Annexation restrictions introduced as Lichtenstein and Heischierland ceded
Stringent restrictions were introduced in regards to the Empire claiming new land this morning after Austenasian sovereignty over the town of Lichtenstein and the crown dependency of Heischierland was abandoned due to a single person wishing to leave the Empire.
Lord Charles Clarke – also known by a variety of pseudonyms throughout his political career – became an Austenasian in June 2013 after offering the then Territory of Emperorsland to Austenasia.
Emperorsland expanded in 2014, annexing a neighbouring house inhabited by Lord Charles and his family, to become the Town of Lichtenstein. Later that year, the family’s holiday home was annexed as the Crown Dependency of Heischierland.
Lord Charles has been an Austenasian official for over three years, and held four Cabinet positions at varying times. However, after announcing that he no longer wished to be a part of the Empire, the government found itself forced to cede Lichtenstein and Heischierland after losing the only person who was able to administer them.

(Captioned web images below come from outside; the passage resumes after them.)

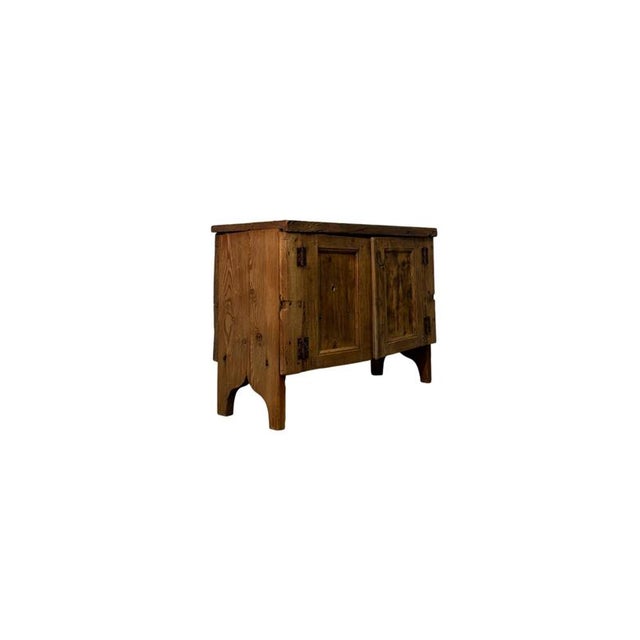 Rustic Low 19th Century Sideboard in Fir Wood with Two Doors For Sale - Image 3 of 4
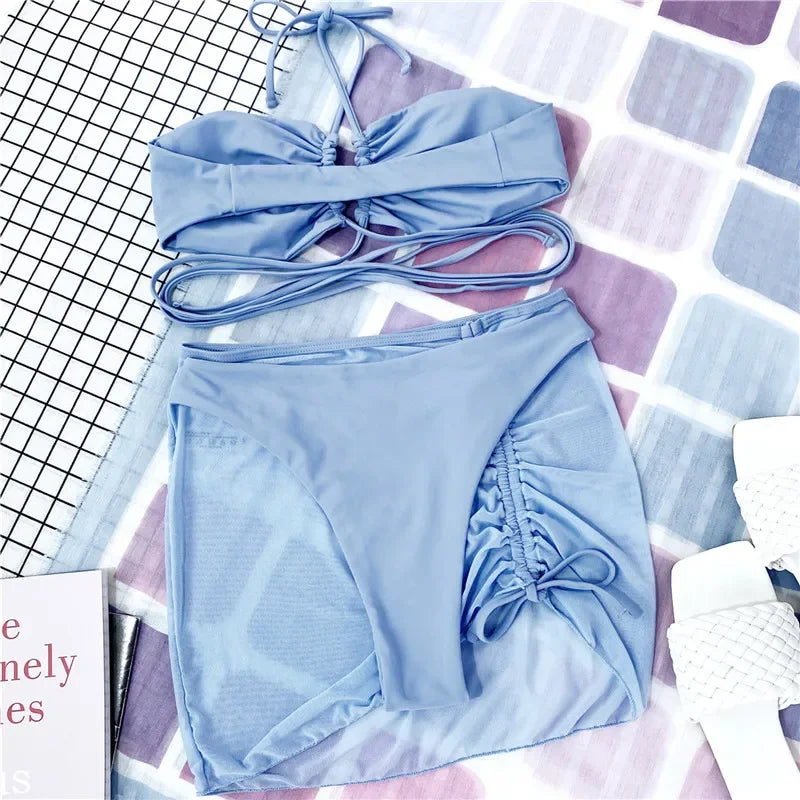 3 Pieces Cross Halter Bikinis Set 2025 Skirt Swimwear Women High Waist Drawstring Bandage Swimsuit Summer Biquini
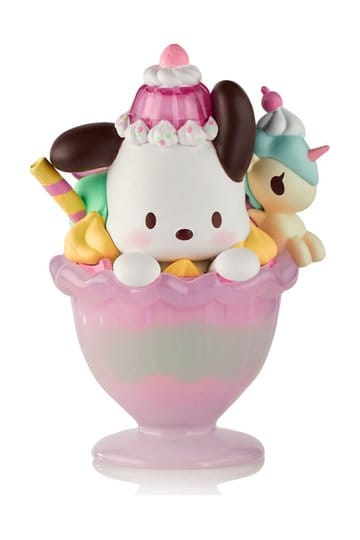 Hello Kitty & Friends Vensterdoosfiguur Fast Food Pochacco Roze Eenhoorn Sundae 9 cm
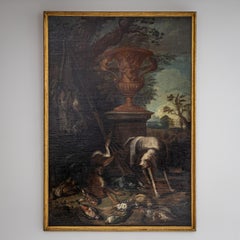 Baroque Hunting Still Life with Dog, 18th Century, Large, Oil on Canvas, Framed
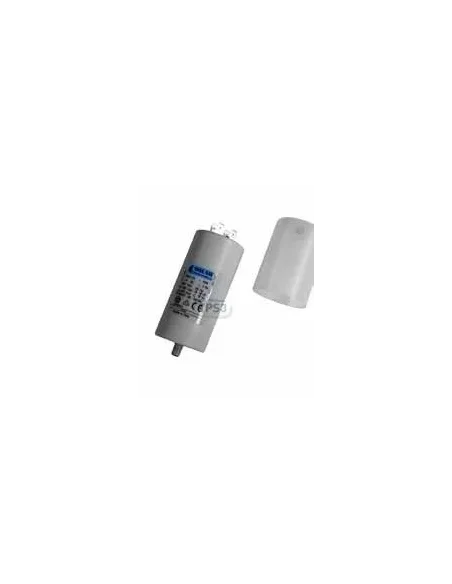 Condensador de 35µf con varilla de fijación y tapón con conectores terminales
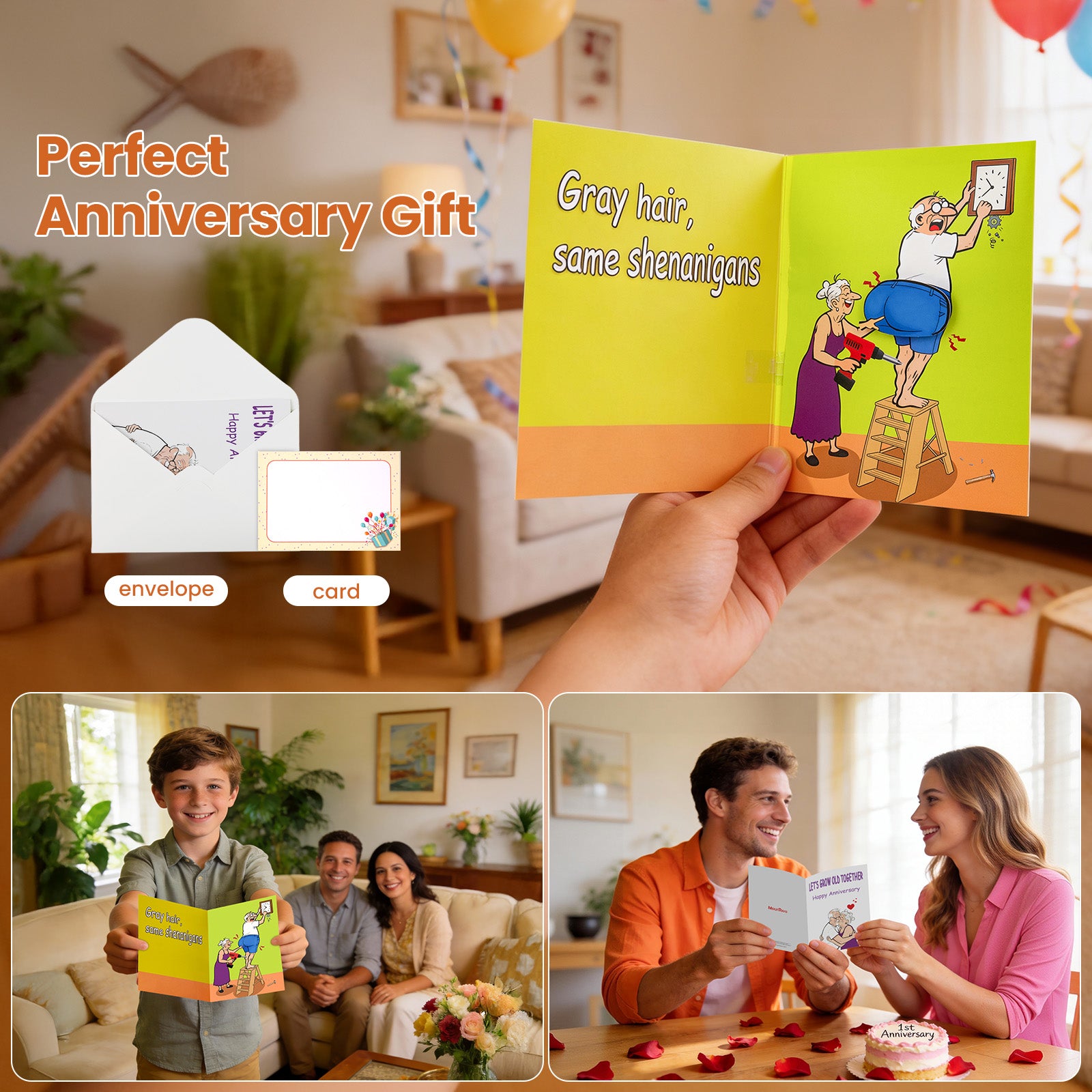 Funny Anniversary Card with Shaking Motion & Humorous Sound, Interactive Anniversary Cards for Him Her Husband Wife Couple, Gift for Wedding Anniversaries, Long-Term Relationships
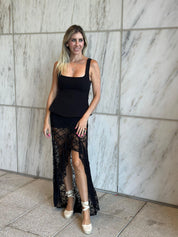 Slit Sheer Lace Maxi Skirt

In the Act of Parliament passed this morning which ceded said land, tough new regulations have been introduced to prevent any future annexations of land which could be rendered ungovernable by the departure of a single person.

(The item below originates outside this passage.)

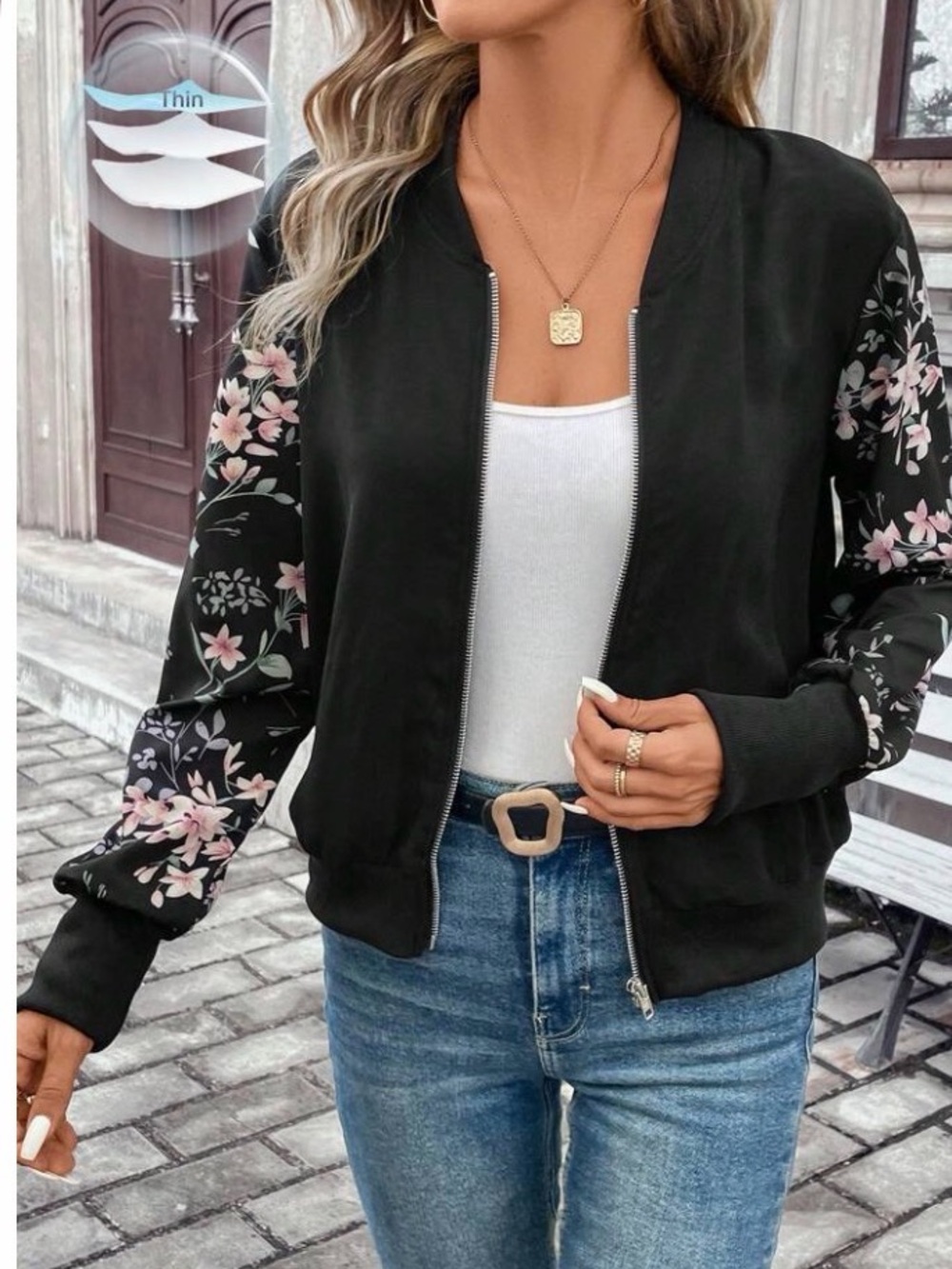 SHEIN Black Bomber Jacket with Pretty Floral Sleeves Size XL Lightweight Zip Up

From henceforth, any offers of land to the Empire must be approved by the Home Secretary before being considered by Parliament.
The Home Secretary must ascertain (amongst other criteria) that more than one person is willing to administer the offer of land, and that the majority of any inhabitants wish (rather than just consent, as was the case with Lord Charles’ family) to become Austenasians.
With the loss of the two areas of land administered by Lord Charles, the Empire’s population has dropped by three to 84.